Unripe blueberries on one of my new blueberry bushes.
Unripe blueberries on one of my new blueberry bushes.

My mother especially liked to see plants I hadn’t already shown her. I have two blueberry bushes now, purchased despite my having mixed feelings about their need to be watered (more than native California plants). I can’t wait to try the blueberries, though.

I have an oak tree in the front yard now, planted in part to replace the magnificent Deodar cedar that was growing right next to the house. The oak is already taller than I am. I look forward to finding oak galls on it someday.

deodar cedar
The magnificent deodar cedar (Cedrus deodara) in 2021. It was growing about a foot away from the house, leaning towards my neighbor’s bedroom, and dropping impossible-to-remove sap on any cars parked in the driveway.

coast live oak, Quercus agrifolia
New coast live oak (Quercus agrifolia) in the front yard. The tree is taller than I am. It will be a while before it’s as large as the cedar was. I look forward to being able to watch oak galls develop on it.

There’s a new-to-the-neighborhood insect here, the Turkestan roach. Having already survived the dinosaur extinction, cockroaches belong to a group of insects that’s most likely to survive human extinction. The Turkestan roach likes to hang out in water meter and light control boxes next to city sidewalks. They come out at night and spread out across my yard and sometimes walk up the exterior walls of my house. These roaches are, like some quirks of my mother’s personality, the result of war. It’s thought they were transported from the Middle East and Central Asia to the United States as stowaways in military equipment.

 

Turkestan roaches (Shelfordella lateralis)
Turkestan roaches (Shelfordella lateralis, aka Blatta lateralis). Adult female on left; adult male in middle; nymph on right.

 

The spread of these roaches more recently in the US has been assisted by pet stores that sell them as food for frogs and reptiles. I’ve never purchased Turkestan roaches (they’re available for free in my yard), but I did start rearing frogs last year. A neighbor reared Pacific Chorus Frogs (Pseudacris regilla) for many years until he died. These native frogs hadn’t lived in my neighborhood for decades because of an overabundance of concrete and traffic. When I hear the frogs’ spring choruses, I like to pretend I’m somewhere remote. I hear a chorus right now, 80 feet from my desk.

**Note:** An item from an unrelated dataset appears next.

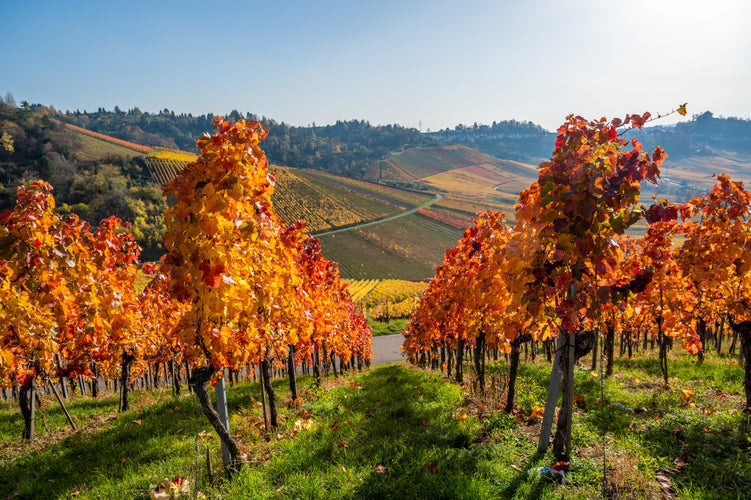 Photo of Vineyards between Kappelberg and Rotenberg in Stuttgart - Beautiful landscape scenery in autumn - Aerial view over Neckar Valley, Baden-Württemberg, Germany .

I only assist with the breeding, egg and tadpole stages. Providing a habitat for them to grow as tadpoles is significant work. There are no natural ponds near my house, not even any nice big puddles in which they can breed. The tadpoles develop in aquariums in my greenhouse.

Tadpole
Pacific Chorus Frog (Pseudacris regilla) tadpole.

Pacific Chorus Frog (Pseudacris regilla
Pacific Chorus Frog (Pseudacris regilla), still with a bit of a tail.

Pacific Chorus Frog (Pseudacris regilla
Pacific Chorus Frog (Pseudacris regilla), newly metamorphosed.

frog rearing in greenhouse
Frog rearing in the greenhouse.

 


A note directly to my mother…

I saved the biggest news for last, because, when you hear it, you might get upset. Any negative reactions you may have about my news would be unjustified, though. Everything I’m about to tell you was done 100% with your permission. So, now that you’re lulled into the best mood possible by cockroaches, blueberry bushes, and frogs, I’m letting you know that your stories revolving around your life in Europe (1931-1949) have been published this year by the University of Rochester Press in a book titled On the Run in Occupied Poland: Tales of a Refugee Childhood.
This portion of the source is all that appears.